A player’s individual performance is intrinsically linked to how they fit the style and dynamics of a team. That’s why it’s essential, when recruiting a new player, to assess how likely they are to gel with other players in the squad. Our Player Chemistry model uses real-world chemistry ratings to predict how well the playing characteristics of a new recruit will complement those of his prospective teammates to produce positive results on the pitch.
By analysing millions of passages of play, our Player Chemistry model uses a neural network to identify the most prominent player characteristics that yield positive match outcomes. These characteristics include on-field playing style metrics, as well as off-field human factors.

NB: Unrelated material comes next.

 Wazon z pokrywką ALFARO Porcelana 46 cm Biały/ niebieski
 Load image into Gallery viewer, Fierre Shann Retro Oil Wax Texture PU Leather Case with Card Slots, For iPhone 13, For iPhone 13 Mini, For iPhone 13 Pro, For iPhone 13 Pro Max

Identifying the characteristics that result in positive match outcomes also allows us to use real-world event data to value the chemistry between teammates. Our Player Chemistry model analyses how often players are involved in different passages of play together, building networks for different outcomes, such as goals, scoring opportunities, transitions or losses of possession. Weighting each outcome type enables us to define what makes a successful pairing and evaluate this over a number of seasons to produce a chemistry rating for each pair of players.
Our Player Chemistry model has been extensively researched and published at a world-leading AI conference. Click here to read the published paper.
In football, there’s always a sense that some players bring the best out of each other. Our Player Chemistry model takes a holistic view of each player pairing, analysing a range of interactions that lead to positive outcomes on the pitch. The below graphics show our ratings for the most effective attacking pairings in the Premier League over the last three seasons (correct as of date posted, 19th November 2020).
You would generally expect the most effective pairings to play in the most successful teams, however, this wasn’t the case during the 2018/19 Premier League season. Whilst Bournemouth finished in a respectable 14th place, Ryan Fraser and Callum Wilson were rated as the most effective attacking pairing. Demonstrating their chemistry on the pitch, they combined for 12 goals – only Alan Shearer and Chris Sutton (13 in 1994-95) have combined for more in a single Premier League season.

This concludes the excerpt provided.